Thomas Bunchman, President

Thomas Bunchman is our President, a position he held since our inception. Mr. Bunchman also owned and operated our affiliate, JumpBunch®, a position he held from July. 1997 until its sale in October, 2006.

Kathleen Bunchman, Secretary

Kathleen Bunchman is our Secretary, a position she held since our inception, and works actively with day to day JumpBunch® operations. Ms. Bunchman was a substitute teacher at St. Mary's Elementary School from August, 1996 to June, 2003.

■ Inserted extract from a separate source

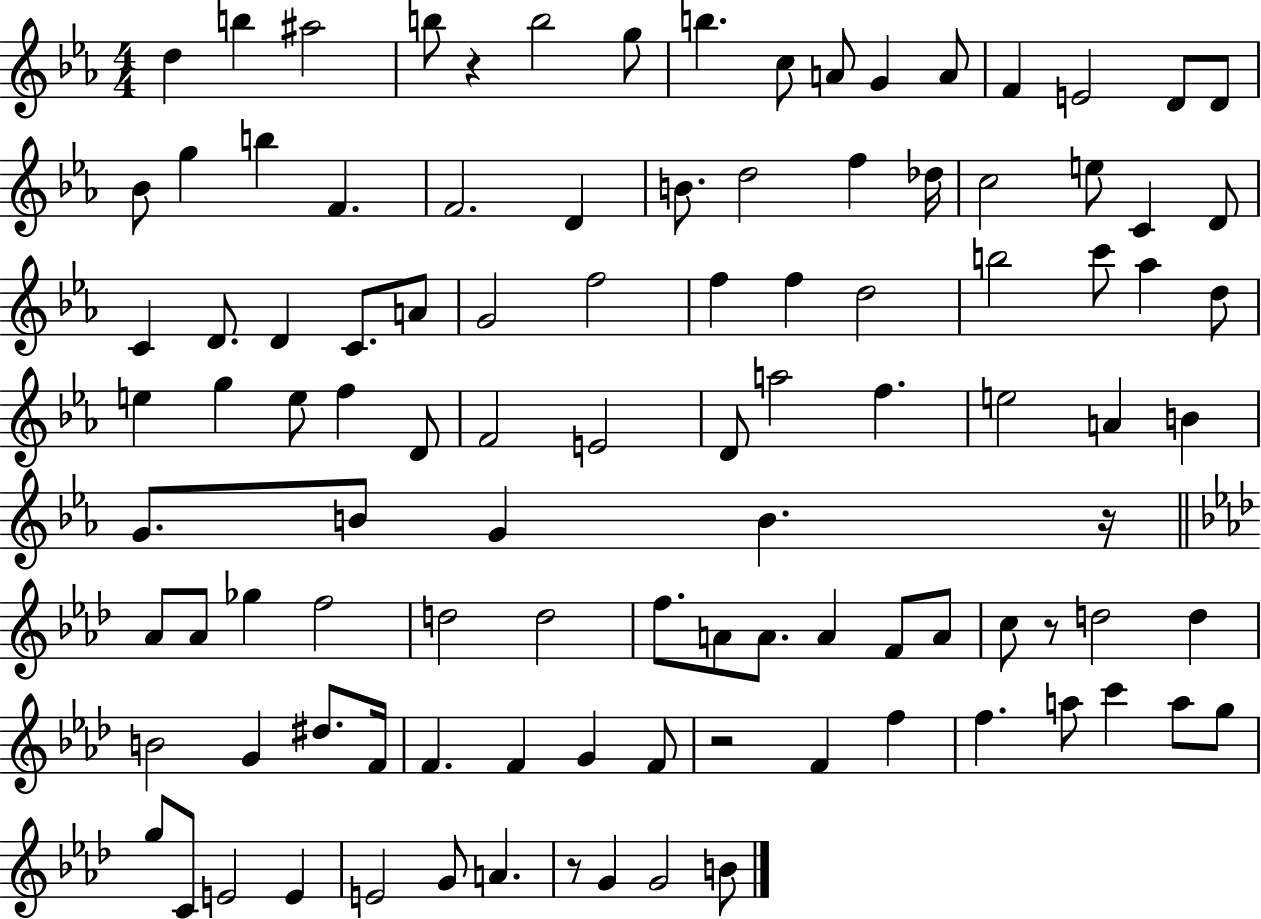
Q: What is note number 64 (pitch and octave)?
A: F5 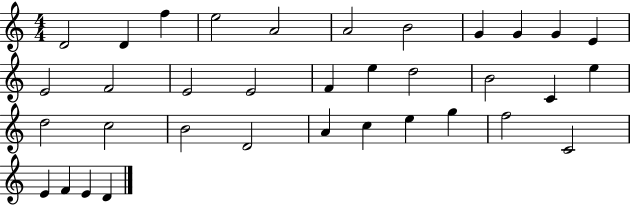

Timothy Lee Holadia, Franchise Sales Broker

Timothy Lee Holadia is our Franchise Sales Broker, a position he has held since April, 2007. Mr. Holadia also is President and Chief Executive Officer of FRANMOGUL, in Virginia Beach, Virginia, a position he has held since July, 2006. Mr. Holadia was Vice President and Director of Franchise Development for Geeks on Call America in Norfolk Virginia, from February, 2001, to July, 2006.

ITEM 3 LITIGATION

No litigation is required to be disclosed in this offering circular.

ITEM 4

BANKRUPTCY

No person previously identified in Items 1 or 2 of this offering circular has been involved as a debtor under the U.S. Bankruptcy Code required to be disclosed in this Item.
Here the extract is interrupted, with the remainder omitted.